The maze procedure can be performed surgically with radiofrequency, generating transmural ablation lines. We report our experience with a biatrial pattern of lesions based on the use of epicardial and endocardial radiofrequency ablation in an effort to minimize maze procedure.


In 85 patients undergoing cardiac surgery for established permanent atrial fibrillation (>3 months), a biauricular pattern of epicardic–endocardic maze lesions was performed. The main surgical procedures were diverse: 42 mitral valve surgeries, 7 mitrotricuspid valves, 18 mitroaortics, 4 mitroaortic and tricuspids, 2 aortic valves, 3 CABGs, 5 CABG and valve procedures, and 4 atrial septal defects. The mean age of the patients was 61 ± 12 (range 39–78). The mean duration of atrial fibrillation was 5.8 years (range 0.3 to 24).

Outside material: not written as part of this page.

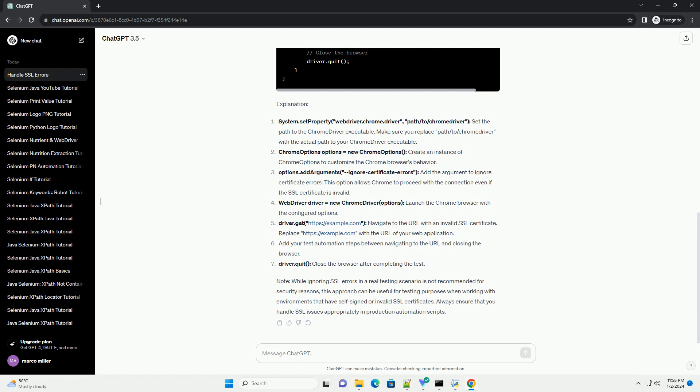Explanation: System.setProperty webdriver.chrome.driver, path slash to slash chromedriver. Set the path to the Chrome driver executable. Make sure you replace path slash to slash chromedriver with the actual path to your Chrome driver executable.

Sixty-two (72.9%) patients presented postoperative supraventricular arrhythmia. Hospital mortality was seen in five patients (5.8%). Two patients died after a 12-month mean follow-up (range 2 to 32). A total of 14.1% of patients remained with their previous atrial fibrillation and 85.9% recovered and maintained sinus rhythm, with two patients having a permanent pacemaker. A total of 56% patients have been followed-up for a period of more than 6 months, and among them prevalence of sinus rhythm is 87.5%. Echocardiography detected biauricular contraction in 65% of them. After analyzing the data, factors involved in postoperative recurrence of atrial fibrillation after radiofrequency surgery were oldness of the atrial fibrillation (p < 0.01) and pre and postoperative left auricle volume (p < 0.04).


Intraoperative radiofrequency has permitted us to perform the maze procedure in a simple way, with a low surgical morbid-mortality. We have obtained an 85.9% electrographic effectiveness and a 65% recovery of atrial contraction. Postoperative incidence of arrhythmia is the main postoperative problem.